4. The batch LU decomposition method of claim 3, wherein the submatrix H ⁱ The method for dividing the block into a plurality of sub-blocks comprises the following steps:

if m is larger than or equal to 16, setting the block size to be 8 or 16;

if m is smaller than 16, the entire sub-matrix is treated as a block, at which point the block size is m.

5. The batch LU decomposition method according to claim 2, wherein in the step S3, the specific steps include:

s35, if diagonal block B _j,j Is a sub-matrix H ⁱ The lower right corner in the middle is blocked, the batch parallel LU decomposition is finished, and a large matrix H is output, wherein each sub-matrix H ⁱ Are all composed of L ⁱ And U ⁱ The unit lower triangular matrix and the unit upper triangular matrix are used for quickly solving a subsequent linear equation set; otherwise, let j equal to j +1, go to step S31, and continue processing the next block.

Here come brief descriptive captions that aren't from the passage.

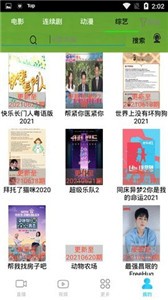 隨看影視大全截圖
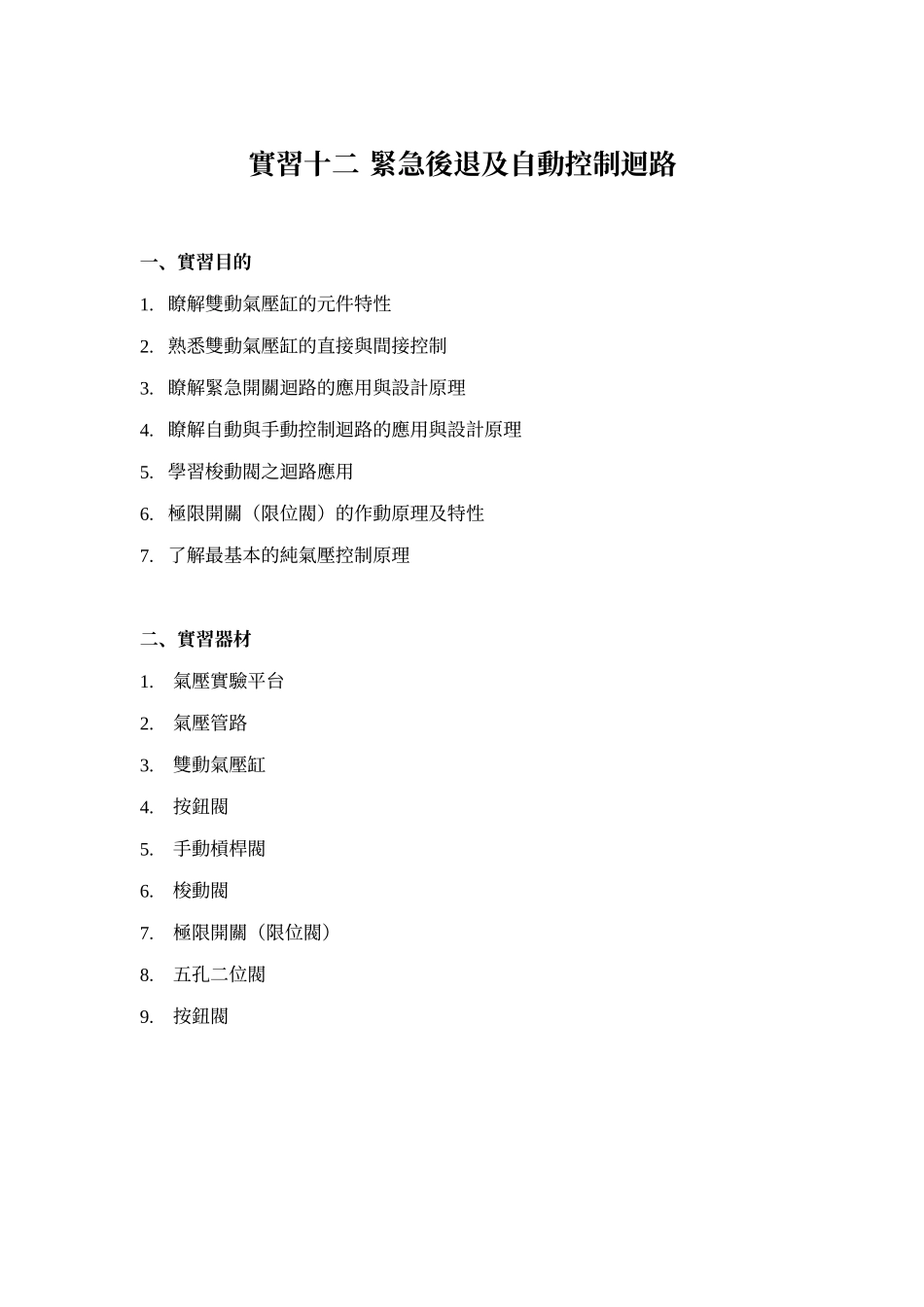 吳鳳技術學院機械工程系WuFengInstitute_第2页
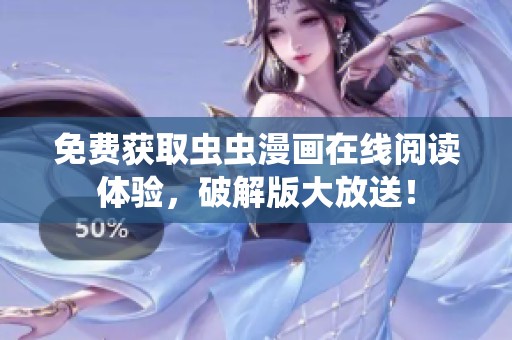 免费获取虫虫漫画在线阅读体验，破解版大放送！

6. The batch LU decomposition method of claim 5, wherein the step S31 comprises:

S313: thread group continues to read B in parallel _j,j All data of p rows in the next block adjacent to the right side are compared with the data in the cache, and the element with the larger absolute value and the serial number of the column where the element is located are stored in the internal cache; the process is iterated continuously until the last block data of the submatrix is read;

S315: pairMatrix H ⁱ Starting from the column index j × block size, the current row p in (1) traverses all the subsequent elements in the row

If To ⁱ [l]>q, then perform the following operations:

wherein,

is an element

A corresponding true principal element;

s316: for each element of the P1 region

If To ⁱ [y]>q, then perform the following argument operation:

7. The batch LU decomposition method according to claim 5, wherein in step S32, for B _j,j Any column p in the thread group, the p-th thread execution column col in the thread group _p And column (c)

Element exchange between them.

8. The batch LU decomposition method of claim 5, wherein in step S33, the P2 region is set to be located in the submatrix H ⁱ [ (j +1) x blocksize, m-1)]Line and [ j × blocksize, (j +1) × blocksize-1]Matrix between columns for each element therein

The following operations are performed:

9. The batch LU decomposition method of claim 5, wherein in step S34, the P3 region is set to be located in the submatrix H ⁱ [ (j +1) x blocksize, m-1)]And row [ (j +1) xblocksize, m-1]A matrix between the columns; the P1 and P3 areas are further divided into a plurality of sub-areas according to blocksize, and the thread groups are Group ⁱ In turn for any sub-region P1 therein _t 、P3 _t ,0≤t<k-j, the following treatment is carried out:

calculating sub-region P3 _t Sequence number y each element in the vector D:

D[x]＝D[x]-C _x A (4)

wherein (j +1) xblocksize is less than or equal to x < m.

10. The batch LU decomposition method according to claim 5, wherein in step S35, the currently processed partition B is judged _j,j Whether submatrix H ⁱ The lower right corner in the middle is partitioned, if so, the batch parallel LU decomposition is finished; otherwise, let j equal to j +1, go to step S31, and continue processing the next block.